You will hear no calls for caution, no calls for real hard evidence from the only folks that know what is going on, the AIEA (which unfortunately has its own internal problems trying to find a new director). No real diplomacy. Bush didn't question Israel's attack on Syria or call for an investigation, and the US didn't do it for this Sudan attack. (Our ambassador was apparently tipped off, however, and was telling the Sudanese about it when the missiles struck.) The more US diplomacy "changes" the more it remains the same.

At the end of his speech, Netanyahu warned that "When the wide-eyed believer gets hold of the reins of power and the weapons of mass death, then the entire world should start worrying, and that is what is happening in Iran." Since the whole accusation of Iranian nuclear intentions and capability seems to be more a matter of belief than credible evidence, and since Israel has already got in its possession probably well over a hundred atomic weapons, I think that sentence provides a fine mirror:

When the paranoid believer possesses the air force and the weapons of mass death, then the entire world should start worrying, and that is what is happening in Israel.

The problem is, of course, that the war-monger will never see the reflective irony in his statement of civic paranoia. Will someone finally demand some really hard evidence that Iran has the capability to make the bomb and not just fissionable material for its own nuclear power program? Will someone please explain how a country with one or two untested nuclear bombs would be stupid enough to risk its existence by attacking a country with at least 75 and perhaps as many as 200 nuclear weapons? When Netanyahu was asked that very question by interviewer Jeffrey Goldberg, his reply was, “I’m not going to get into that.”
(Will somebody please remind Israel that they started the nuclear proliferation in the Middle East to begin with?)

To see Iran as a real nuclear warfare threat demands that you believe that Iran is truly and absolutely run by mad men. Proud, yes; wily, to be sure; but above all, practical realists. You really think they want to get hit? (I will concede that they are being incredibly foolish in their tempting the Israelis.)

It is clear to me that if the Iranians are pursuing a bomb it is out of a desperate move to place themselves in a deterrent situation, not one of suicidal foolishness.

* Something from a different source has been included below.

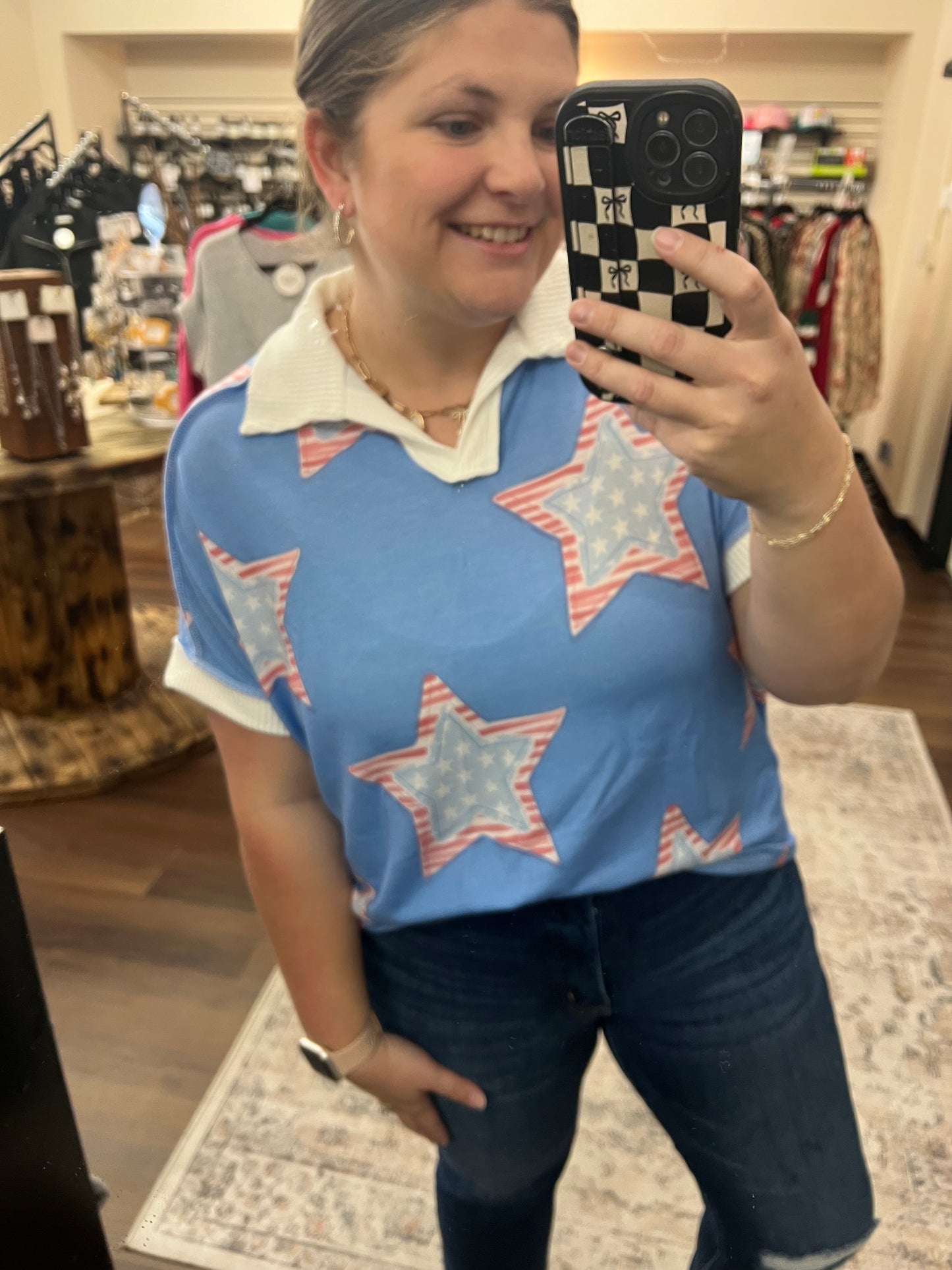 Stars & Striped Collared Tee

If Netanyahu truly believes that Iran is stupid enough to attack Israel with even one weapon, then he is deeply deranged. If he fears Iran supplying nuclear weapons to terrrorists, he has a fear, but he must also know that Iran will never escape unscathed if nuclear terrorism happens in Israel--an incident which will of course, damage Palestinians as well as Israelis. I think Netanyahu is in touch with one idea: pushing things as far as he can right now to see how much he can get away with and to detract attention from his plan for denying Palestinians their state. Because I also think he is a wild-eyed one--albeit beneath a squinting gunslinger's lids. (We Americans can't perceive it because he such good command of American idiom and the bare hint of an accent. Trust me--having him as prime minister is something akin to having David Addington or John Bolton as president.)

We need to fear him much more than the Iranians. There is no more dangerous madman than the one who believes irrefutably in his own sanity.